[Start of section]

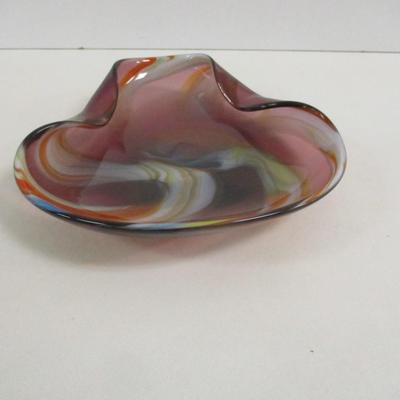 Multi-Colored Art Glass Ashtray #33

[End of section]
[Start of section]

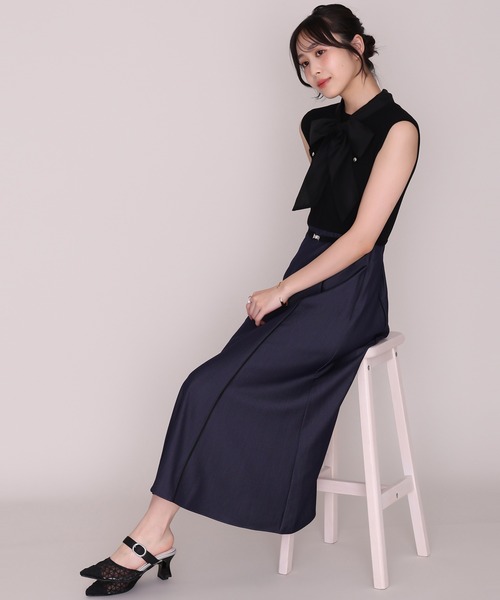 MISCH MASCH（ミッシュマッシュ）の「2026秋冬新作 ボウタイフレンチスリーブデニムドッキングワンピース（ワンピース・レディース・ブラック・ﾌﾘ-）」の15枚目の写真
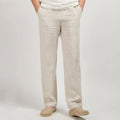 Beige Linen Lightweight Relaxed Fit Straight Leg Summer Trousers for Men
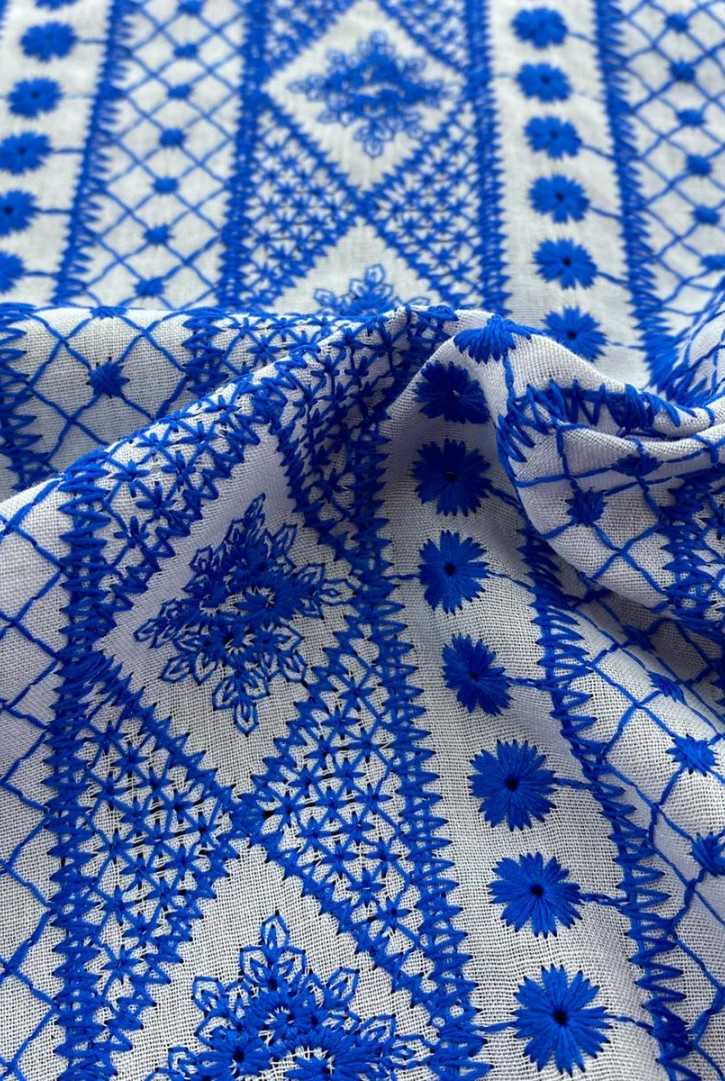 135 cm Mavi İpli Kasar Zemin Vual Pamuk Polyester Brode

[End of section]
[Start of section]

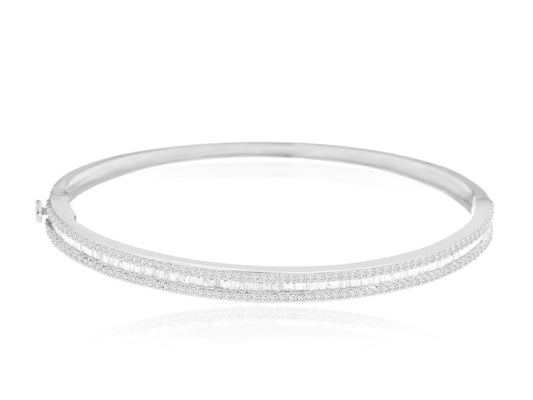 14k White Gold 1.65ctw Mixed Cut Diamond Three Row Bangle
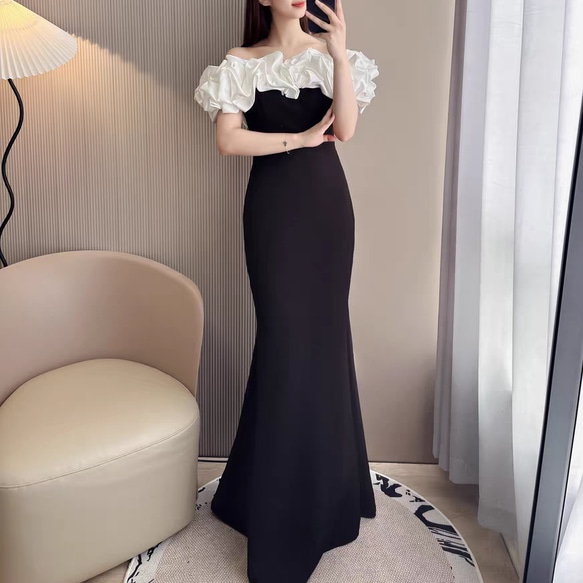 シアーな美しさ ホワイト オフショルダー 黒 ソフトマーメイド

[End of section]

- DIRECTIONS:
Within the listing above, the stretch from the line with "Beige Linen Lightweight" down to the line with "135 cm Mavi" is to be given again exactly, end lines included and pictures excluded.

- SOLUTION TO THE EXERCISE:
 Beige Linen Lightweight Relaxed Fit Straight Leg Summer Trousers for Men
 135 cm Mavi İpli Kasar Zemin Vual Pamuk Polyester Brode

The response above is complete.